With all that said, does anyone have the correct torque-specs for the (i believe) Torx bolts holding the pan in place? Are they re-usuable or will I need new ones?


----------



## Dronks (Jun 7, 2011)

7 foot pounds according to Bentley. Get an inch pound torque wrench, it'll be a lot more accurate. 

Sounds like you're just putting a new bead on your existing pan. When you remove it be very careful not to bend it. It bends easy, be careful. 

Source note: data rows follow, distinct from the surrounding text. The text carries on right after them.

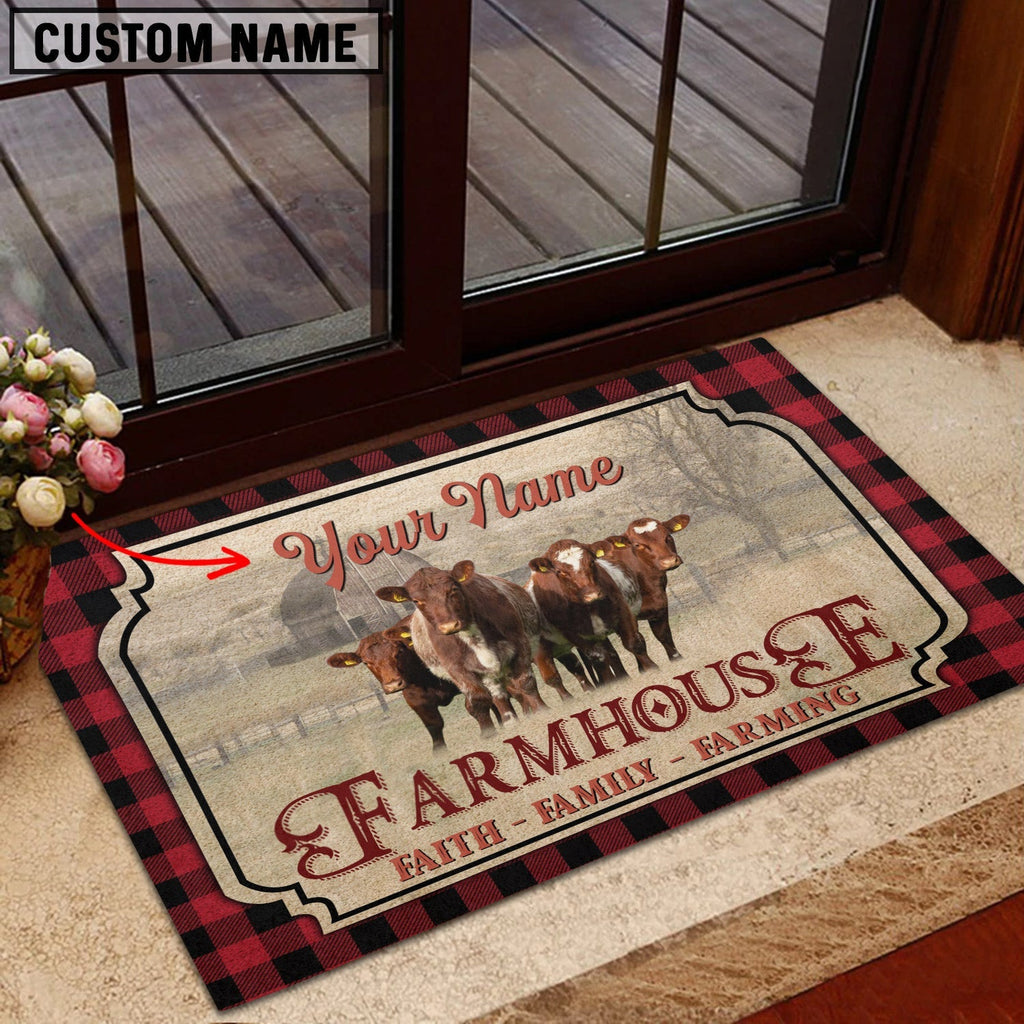 Shorthorn Faith Family Farming Custom Name Doormat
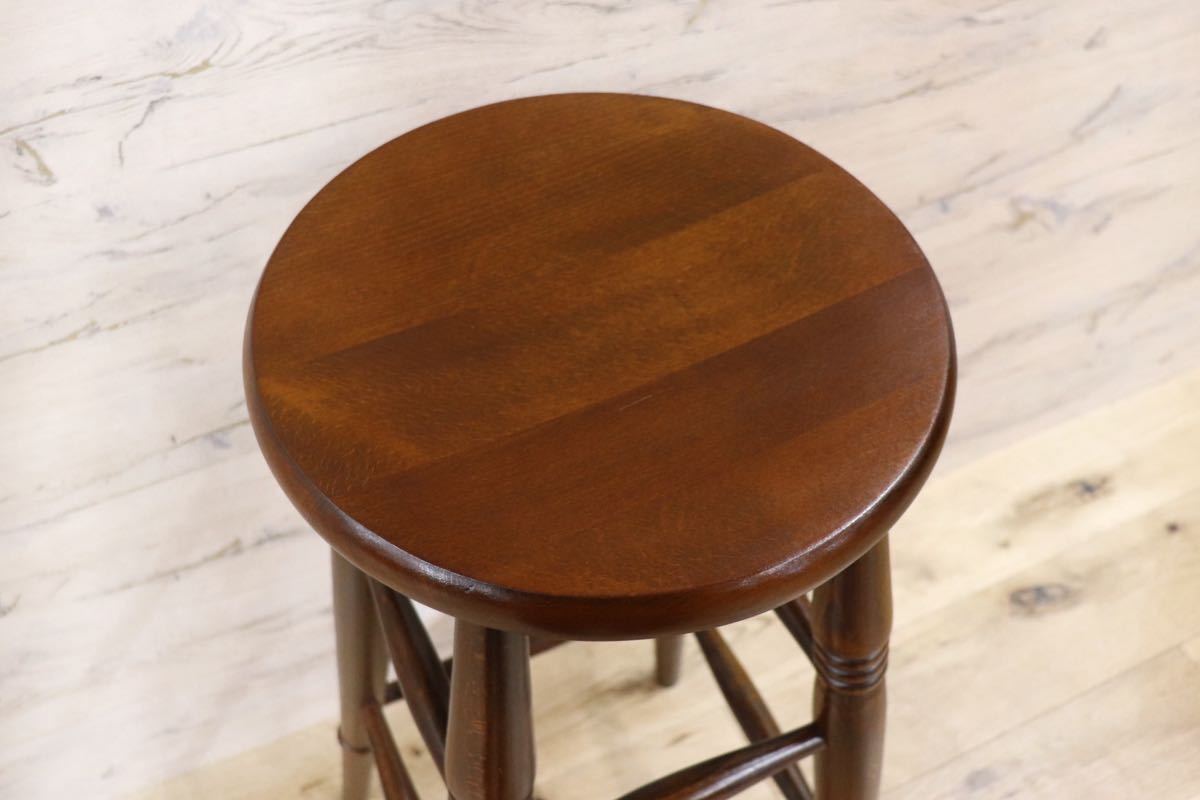 GMFH390○西洋 イギリス アンティーク スツール ハイスツール ダイニングチェア 椅子 腰掛 定価約3.5万 展示品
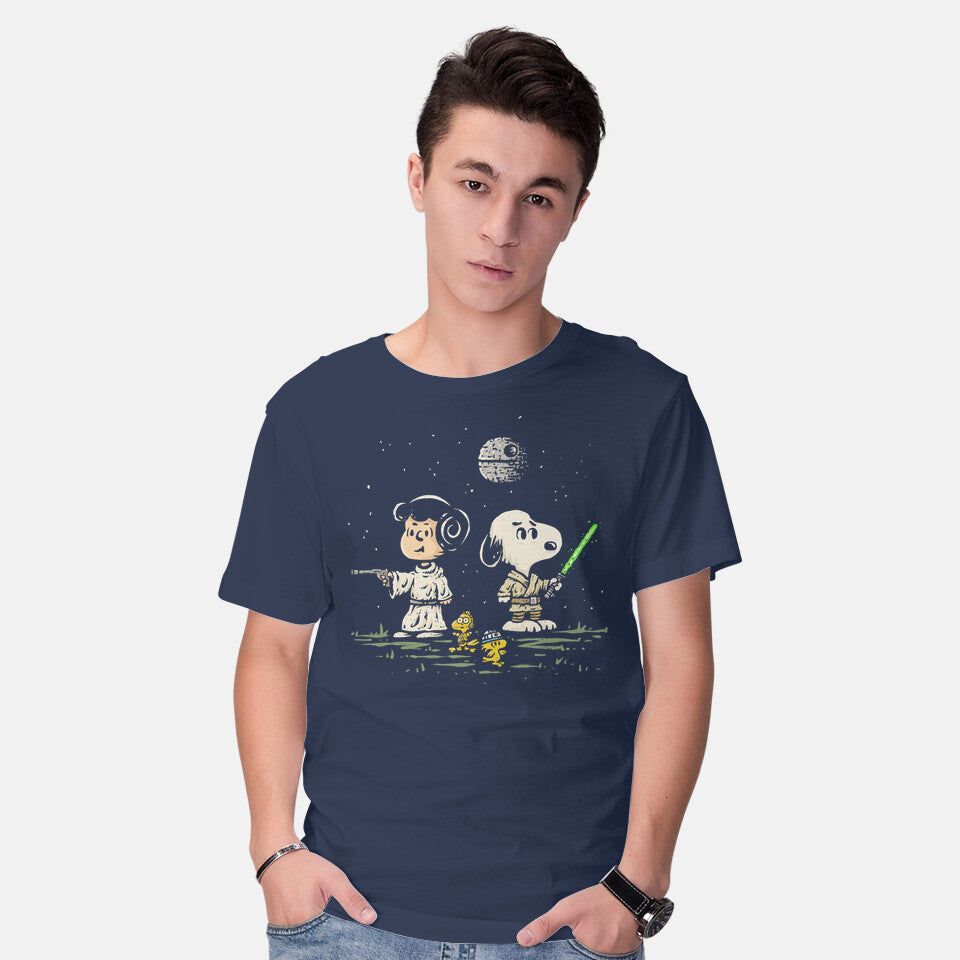 Model wearing navy Kissed By A Rebel – Sci-Fi Graphic T-Shirt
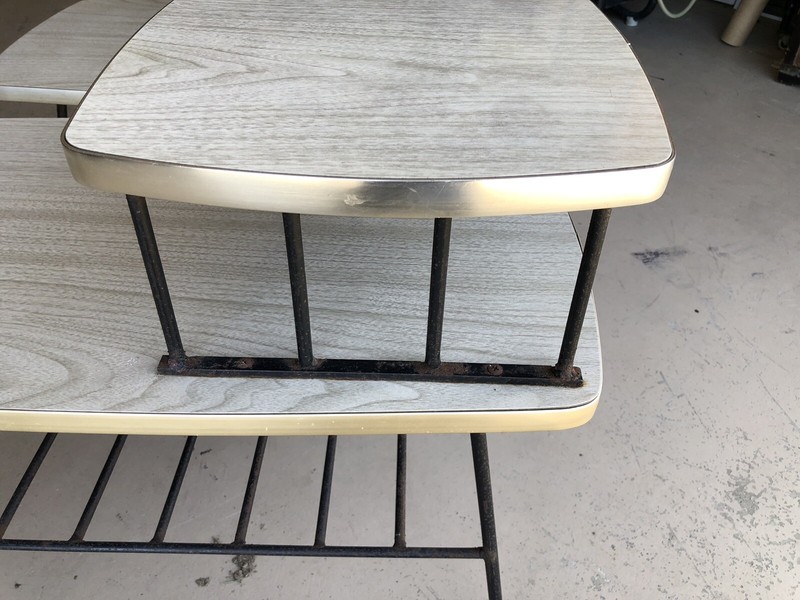 2 Mid Century Modern 2 Tier End Side Tables 1960's Formica Tops Steel Bases gallery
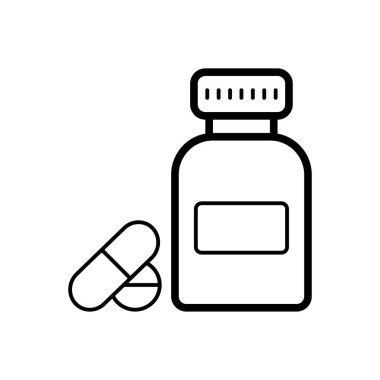 Kapsül şişe siyah çizgi simgesini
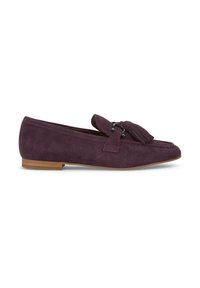 Suede loafers in dark purple with a flat sole, featuring a decorative tassel and metal accent. Smooth texture with minimalist design.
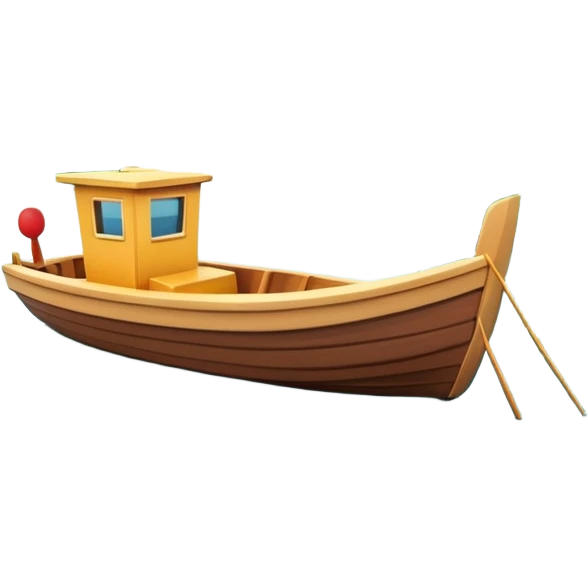 A 3D cartoon small boat floating on estuary water, with nearby reeds and horizon in view, bright lighting, photo frame, Memoji-style. emoji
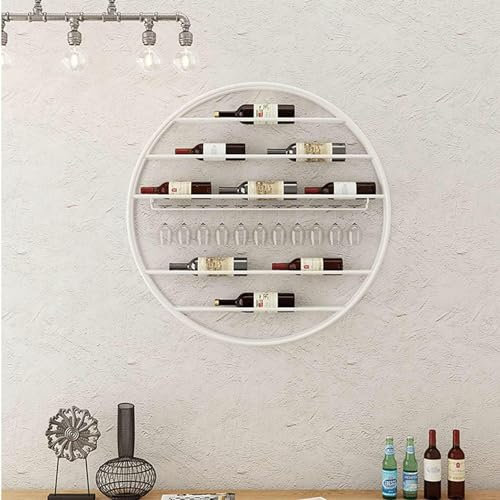 Estante para vino blanco, soporte redondo para botellas de vino, estante de almacenamiento de copas de vino montado en la pared de metal, organizador de estantes flotantes para vinos para bares, resta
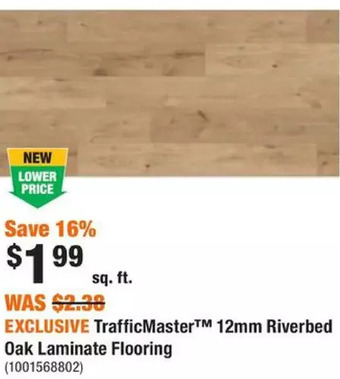 Home Depot Trafficmaster 12mm riverbed oak laminate flooring offer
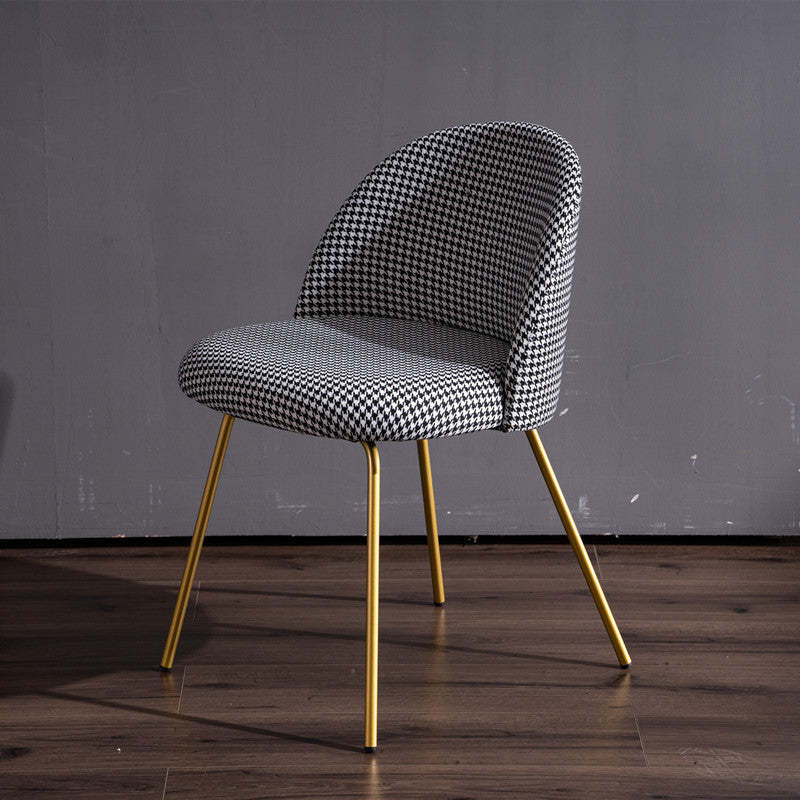 Scandinavian Velvet Iron Wood Vanity Stool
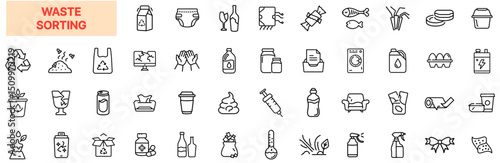 Waste Sorting Line Icon Design Featuring Plastic Bottles, Diapers, Food Scraps, Fish Bones, Packaging Waste, Recycling Containers, Compost Bins, Labeled Trash, Washing Symbols, and Disposal Categories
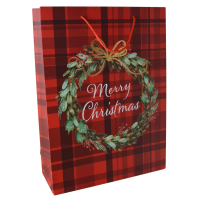 Подарочный пакет с надписью Merry Christmas 31x42x12 см 252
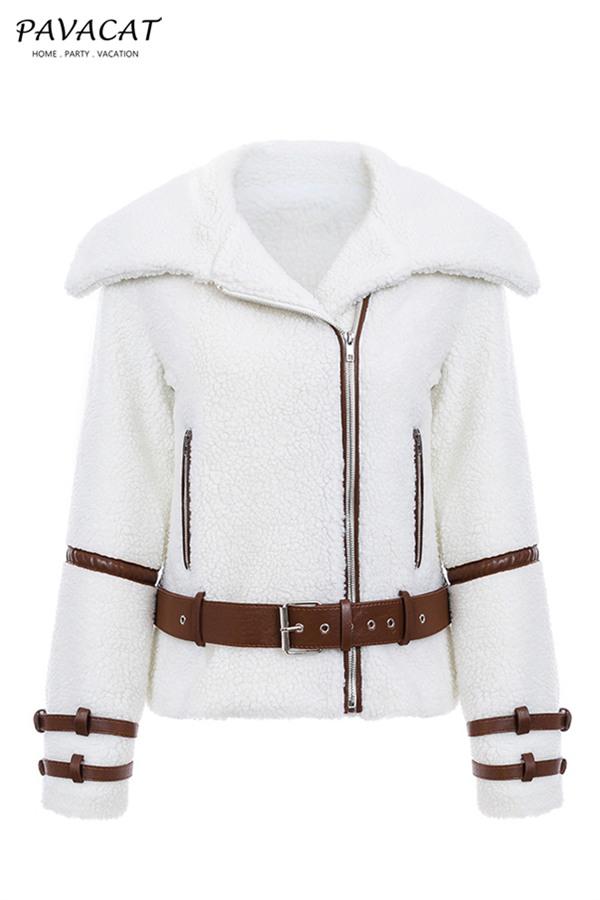 Turndown Collar Parka Sash Shaggy Jacket Coat Pavacat
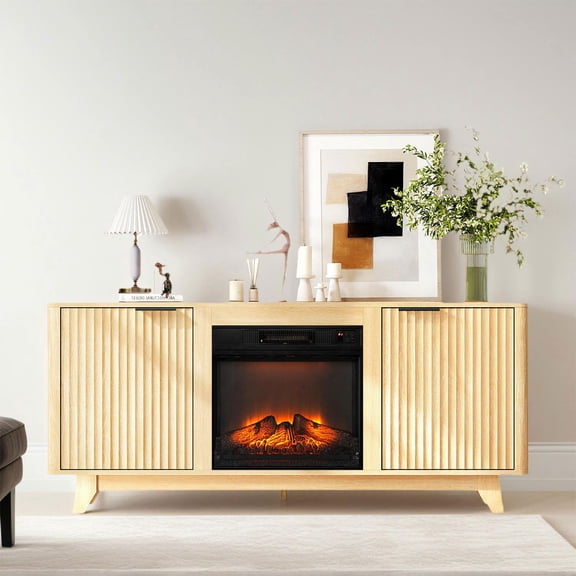GVN Oak Finish Fireplace TV Stand with 18 Inch Insert, Double Grid Doors, Embossed Particle Board Media Console 58 x 13.6 x 25.4 Inch, Brown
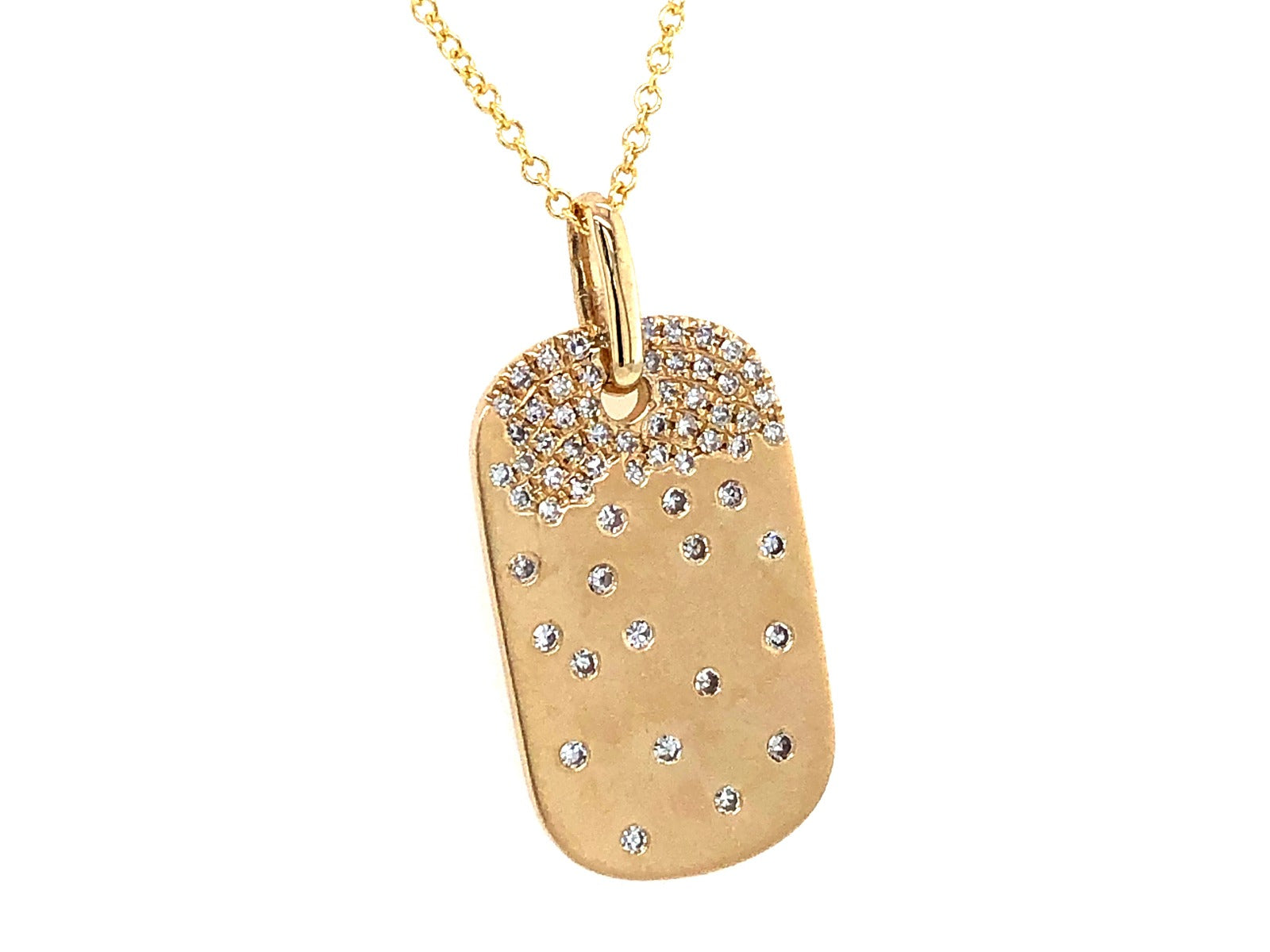 14KY Confetti Diamond Set Dog TAG Pendant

EDIT: Using a copper blade to scrape the old gasket material from the mating surfaces will reduce/eliminate gouging the surfaces.


----------



## dr0pthehamm3r (Nov 30, 2007)

awesome man. thanks for the info!


----------



## Dronks (Jun 7, 2011)

No problem


----------



## marc4golf (Jun 21, 2012)

what kind of sealant did you use? i have to do my gasket real soon since its leaking. just seeing if what u used was good and if its still working well


----------



## dr0pthehamm3r (Nov 30, 2007)

its a liquid paste sealant. I actually never used the sealant for my motor. But my wife was fortunate enough to rip her oil pan last year, and it came as apart of the oil pan kit from Urotuning (i think). It's held up just fine through a few oil changes, thus far.


----------



## Reflex 2.5 (Dec 15, 2012)

Grey RTV silicone sealant is what's usually recommended. Look for this version: http://www.permatex.com/products-2/...the-right-stuff--1-minute-gasket--grey-detail about as quick as you lay the bead, the pan's ready to install, torque, and refill.


----------



## TheFreeMan (May 25, 2014)

Ancient thread, I know...

I picked up a gasket from RockAuto in addition to the new oil pan. Do I simply use the gasket or do I need to use the RTV gasket maker, or both?

Last time I did any gaskets, I was a kid holding stuff for dad... I just don't remember...


----------



## nekkidlad (Oct 4, 2013)

Personally I would suggest just use sealant it’s easier. You’ll want to use gasket OR sealant. Make sure both the pan and the block are clean and dry when applying gasket or sealer. Use something to clean both surfaces that’s not steel to prevent any damage to the pan and or block, as mentioned above on one of the posts, a copper scraper will work. A razor will work too, but be super careful not to scrape or gauge the surfaces, it may give you another leak.

If using a gasket, anywhere there’s a section where more than two surfaces meet on the block(after cleaning you’ll see), you’ll want to put a dab of sealant for extra safety(just use about a pea sized amount).


----------



## TheFreeMan (May 25, 2014)

Thanks. I guess I'll get some sealant and a razor sharp copper scraper. 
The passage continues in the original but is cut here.